** Goal of the exercise **
In full and without alteration, reproduce every record.
*** Opening of Input data ***
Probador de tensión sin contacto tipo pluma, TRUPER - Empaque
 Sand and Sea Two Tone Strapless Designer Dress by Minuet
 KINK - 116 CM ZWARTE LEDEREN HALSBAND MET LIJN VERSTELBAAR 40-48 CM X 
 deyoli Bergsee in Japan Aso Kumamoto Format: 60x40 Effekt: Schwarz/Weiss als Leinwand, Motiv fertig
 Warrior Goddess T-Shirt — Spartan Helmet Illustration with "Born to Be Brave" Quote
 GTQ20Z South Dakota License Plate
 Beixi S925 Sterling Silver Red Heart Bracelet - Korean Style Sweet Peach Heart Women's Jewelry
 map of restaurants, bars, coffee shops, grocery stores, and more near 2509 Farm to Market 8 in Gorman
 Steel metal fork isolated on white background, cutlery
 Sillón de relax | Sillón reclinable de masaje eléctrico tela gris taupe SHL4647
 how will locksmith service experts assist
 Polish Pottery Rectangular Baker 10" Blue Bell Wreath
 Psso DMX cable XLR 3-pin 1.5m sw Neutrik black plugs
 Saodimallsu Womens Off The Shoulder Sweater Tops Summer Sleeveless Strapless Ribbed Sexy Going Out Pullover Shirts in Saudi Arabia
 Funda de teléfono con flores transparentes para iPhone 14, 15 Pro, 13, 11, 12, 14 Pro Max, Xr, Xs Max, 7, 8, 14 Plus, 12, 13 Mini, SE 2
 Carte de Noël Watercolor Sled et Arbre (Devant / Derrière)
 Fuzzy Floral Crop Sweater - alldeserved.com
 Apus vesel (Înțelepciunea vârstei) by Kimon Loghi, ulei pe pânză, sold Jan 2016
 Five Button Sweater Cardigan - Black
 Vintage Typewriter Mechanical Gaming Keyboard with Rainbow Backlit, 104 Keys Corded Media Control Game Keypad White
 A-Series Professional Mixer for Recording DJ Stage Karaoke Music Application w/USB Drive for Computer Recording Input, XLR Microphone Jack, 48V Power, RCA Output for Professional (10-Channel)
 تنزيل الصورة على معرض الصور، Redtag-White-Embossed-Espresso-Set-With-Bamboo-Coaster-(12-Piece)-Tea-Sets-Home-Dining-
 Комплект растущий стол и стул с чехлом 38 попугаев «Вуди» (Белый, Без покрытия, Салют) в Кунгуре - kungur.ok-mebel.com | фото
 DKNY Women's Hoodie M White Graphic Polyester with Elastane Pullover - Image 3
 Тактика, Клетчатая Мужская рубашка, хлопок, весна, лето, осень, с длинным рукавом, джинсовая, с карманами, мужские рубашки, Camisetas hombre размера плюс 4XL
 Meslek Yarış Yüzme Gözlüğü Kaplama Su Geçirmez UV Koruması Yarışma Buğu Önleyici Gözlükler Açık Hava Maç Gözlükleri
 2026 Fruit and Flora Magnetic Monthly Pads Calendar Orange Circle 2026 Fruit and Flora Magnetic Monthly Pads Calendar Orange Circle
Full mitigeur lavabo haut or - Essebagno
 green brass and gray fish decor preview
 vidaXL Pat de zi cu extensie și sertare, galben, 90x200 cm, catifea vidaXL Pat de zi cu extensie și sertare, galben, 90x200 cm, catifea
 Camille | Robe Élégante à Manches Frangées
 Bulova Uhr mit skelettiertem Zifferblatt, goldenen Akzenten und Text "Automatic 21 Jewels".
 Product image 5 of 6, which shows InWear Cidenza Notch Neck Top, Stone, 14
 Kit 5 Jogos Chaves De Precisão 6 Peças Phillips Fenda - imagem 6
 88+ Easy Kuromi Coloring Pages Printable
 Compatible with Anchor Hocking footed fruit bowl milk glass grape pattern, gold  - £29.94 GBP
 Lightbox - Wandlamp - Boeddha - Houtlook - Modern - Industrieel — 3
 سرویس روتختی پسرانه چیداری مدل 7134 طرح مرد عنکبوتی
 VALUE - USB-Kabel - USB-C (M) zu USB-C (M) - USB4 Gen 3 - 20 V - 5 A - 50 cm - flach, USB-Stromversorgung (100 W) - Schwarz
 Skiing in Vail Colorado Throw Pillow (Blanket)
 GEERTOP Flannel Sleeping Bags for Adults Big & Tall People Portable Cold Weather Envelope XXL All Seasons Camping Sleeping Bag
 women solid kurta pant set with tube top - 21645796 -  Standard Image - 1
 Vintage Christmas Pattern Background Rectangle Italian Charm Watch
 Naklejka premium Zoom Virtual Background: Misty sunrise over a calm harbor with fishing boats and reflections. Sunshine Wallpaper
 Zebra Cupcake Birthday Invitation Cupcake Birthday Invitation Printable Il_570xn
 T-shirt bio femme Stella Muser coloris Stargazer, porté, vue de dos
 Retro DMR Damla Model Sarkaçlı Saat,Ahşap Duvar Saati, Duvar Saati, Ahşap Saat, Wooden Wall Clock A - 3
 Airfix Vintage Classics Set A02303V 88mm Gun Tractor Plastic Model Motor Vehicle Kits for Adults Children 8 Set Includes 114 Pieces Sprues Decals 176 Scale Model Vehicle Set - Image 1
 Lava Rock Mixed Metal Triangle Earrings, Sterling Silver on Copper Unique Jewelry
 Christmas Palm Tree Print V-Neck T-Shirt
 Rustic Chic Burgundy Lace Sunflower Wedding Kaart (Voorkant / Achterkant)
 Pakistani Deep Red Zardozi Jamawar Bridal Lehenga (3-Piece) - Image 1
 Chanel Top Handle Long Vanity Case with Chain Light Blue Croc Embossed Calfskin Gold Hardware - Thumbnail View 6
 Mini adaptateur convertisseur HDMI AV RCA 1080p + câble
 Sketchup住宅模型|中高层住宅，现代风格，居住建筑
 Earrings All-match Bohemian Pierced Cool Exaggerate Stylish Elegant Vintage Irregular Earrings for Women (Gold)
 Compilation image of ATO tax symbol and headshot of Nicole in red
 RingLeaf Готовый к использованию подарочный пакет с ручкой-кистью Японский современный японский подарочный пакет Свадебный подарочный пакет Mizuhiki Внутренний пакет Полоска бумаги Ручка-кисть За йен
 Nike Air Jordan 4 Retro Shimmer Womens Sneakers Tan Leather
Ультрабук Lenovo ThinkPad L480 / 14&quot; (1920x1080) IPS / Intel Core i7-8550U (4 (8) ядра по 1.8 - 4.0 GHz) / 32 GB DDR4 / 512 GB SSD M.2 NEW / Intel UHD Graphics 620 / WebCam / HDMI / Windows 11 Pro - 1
*** Close of Input data ***
** Answer below **
Probador de tensión sin contacto tipo pluma, TRUPER - Empaque
 Sand and Sea Two Tone Strapless Designer Dress by Minuet
 KINK - 116 CM ZWARTE LEDEREN HALSBAND MET LIJN VERSTELBAAR 40-48 CM X 
 deyoli Bergsee in Japan Aso Kumamoto Format: 60x40 Effekt: Schwarz/Weiss als Leinwand, Motiv fertig
 Warrior Goddess T-Shirt — Spartan Helmet Illustration with "Born to Be Brave" Quote
 GTQ20Z South Dakota License Plate
 Beixi S925 Sterling Silver Red Heart Bracelet - Korean Style Sweet Peach Heart Women's Jewelry
 map of restaurants, bars, coffee shops, grocery stores, and more near 2509 Farm to Market 8 in Gorman
 Steel metal fork isolated on white background, cutlery
 Sillón de relax | Sillón reclinable de masaje eléctrico tela gris taupe SHL4647
 how will locksmith service experts assist
 Polish Pottery Rectangular Baker 10" Blue Bell Wreath
 Psso DMX cable XLR 3-pin 1.5m sw Neutrik black plugs
 Saodimallsu Womens Off The Shoulder Sweater Tops Summer Sleeveless Strapless Ribbed Sexy Going Out Pullover Shirts in Saudi Arabia
 Funda de teléfono con flores transparentes para iPhone 14, 15 Pro, 13, 11, 12, 14 Pro Max, Xr, Xs Max, 7, 8, 14 Plus, 12, 13 Mini, SE 2
 Carte de Noël Watercolor Sled et Arbre (Devant / Derrière)
 Fuzzy Floral Crop Sweater - alldeserved.com
 Apus vesel (Înțelepciunea vârstei) by Kimon Loghi, ulei pe pânză, sold Jan 2016
 Five Button Sweater Cardigan - Black
 Vintage Typewriter Mechanical Gaming Keyboard with Rainbow Backlit, 104 Keys Corded Media Control Game Keypad White
 A-Series Professional Mixer for Recording DJ Stage Karaoke Music Application w/USB Drive for Computer Recording Input, XLR Microphone Jack, 48V Power, RCA Output for Professional (10-Channel)
 تنزيل الصورة على معرض الصور، Redtag-White-Embossed-Espresso-Set-With-Bamboo-Coaster-(12-Piece)-Tea-Sets-Home-Dining-
 Комплект растущий стол и стул с чехлом 38 попугаев «Вуди» (Белый, Без покрытия, Салют) в Кунгуре - kungur.ok-mebel.com | фото
 DKNY Women's Hoodie M White Graphic Polyester with Elastane Pullover - Image 3
 Тактика, Клетчатая Мужская рубашка, хлопок, весна, лето, осень, с длинным рукавом, джинсовая, с карманами, мужские рубашки, Camisetas hombre размера плюс 4XL
 Meslek Yarış Yüzme Gözlüğü Kaplama Su Geçirmez UV Koruması Yarışma Buğu Önleyici Gözlükler Açık Hava Maç Gözlükleri
 2026 Fruit and Flora Magnetic Monthly Pads Calendar Orange Circle 2026 Fruit and Flora Magnetic Monthly Pads Calendar Orange Circle
Full mitigeur lavabo haut or - Essebagno
 green brass and gray fish decor preview
 vidaXL Pat de zi cu extensie și sertare, galben, 90x200 cm, catifea vidaXL Pat de zi cu extensie și sertare, galben, 90x200 cm, catifea
 Camille | Robe Élégante à Manches Frangées
 Bulova Uhr mit skelettiertem Zifferblatt, goldenen Akzenten und Text "Automatic 21 Jewels".
 Product image 5 of 6, which shows InWear Cidenza Notch Neck Top, Stone, 14
 Kit 5 Jogos Chaves De Precisão 6 Peças Phillips Fenda - imagem 6
 88+ Easy Kuromi Coloring Pages Printable
 Compatible with Anchor Hocking footed fruit bowl milk glass grape pattern, gold  - £29.94 GBP
 Lightbox - Wandlamp - Boeddha - Houtlook - Modern - Industrieel — 3
 سرویس روتختی پسرانه چیداری مدل 7134 طرح مرد عنکبوتی
 VALUE - USB-Kabel - USB-C (M) zu USB-C (M) - USB4 Gen 3 - 20 V - 5 A - 50 cm - flach, USB-Stromversorgung (100 W) - Schwarz
 Skiing in Vail Colorado Throw Pillow (Blanket)
 GEERTOP Flannel Sleeping Bags for Adults Big & Tall People Portable Cold Weather Envelope XXL All Seasons Camping Sleeping Bag
 women solid kurta pant set with tube top - 21645796 -  Standard Image - 1
 Vintage Christmas Pattern Background Rectangle Italian Charm Watch
 Naklejka premium Zoom Virtual Background: Misty sunrise over a calm harbor with fishing boats and reflections. Sunshine Wallpaper
 Zebra Cupcake Birthday Invitation Cupcake Birthday Invitation Printable Il_570xn
 T-shirt bio femme Stella Muser coloris Stargazer, porté, vue de dos
 Retro DMR Damla Model Sarkaçlı Saat,Ahşap Duvar Saati, Duvar Saati, Ahşap Saat, Wooden Wall Clock A - 3
 Airfix Vintage Classics Set A02303V 88mm Gun Tractor Plastic Model Motor Vehicle Kits for Adults Children 8 Set Includes 114 Pieces Sprues Decals 176 Scale Model Vehicle Set - Image 1
 Lava Rock Mixed Metal Triangle Earrings, Sterling Silver on Copper Unique Jewelry
 Christmas Palm Tree Print V-Neck T-Shirt
 Rustic Chic Burgundy Lace Sunflower Wedding Kaart (Voorkant / Achterkant)
 Pakistani Deep Red Zardozi Jamawar Bridal Lehenga (3-Piece) - Image 1
 Chanel Top Handle Long Vanity Case with Chain Light Blue Croc Embossed Calfskin Gold Hardware - Thumbnail View 6
 Mini adaptateur convertisseur HDMI AV RCA 1080p + câble
 Sketchup住宅模型|中高层住宅，现代风格，居住建筑
 Earrings All-match Bohemian Pierced Cool Exaggerate Stylish Elegant Vintage Irregular Earrings for Women (Gold)
 Compilation image of ATO tax symbol and headshot of Nicole in red
 RingLeaf Готовый к использованию подарочный пакет с ручкой-кистью Японский современный японский подарочный пакет Свадебный подарочный пакет Mizuhiki Внутренний пакет Полоска бумаги Ручка-кисть За йен
 Nike Air Jordan 4 Retro Shimmer Womens Sneakers Tan Leather
Ультрабук Lenovo ThinkPad L480 / 14&quot; (1920x1080) IPS / Intel Core i7-8550U (4 (8) ядра по 1.8 - 4.0 GHz) / 32 GB DDR4 / 512 GB SSD M.2 NEW / Intel UHD Graphics 620 / WebCam / HDMI / Windows 11 Pro - 1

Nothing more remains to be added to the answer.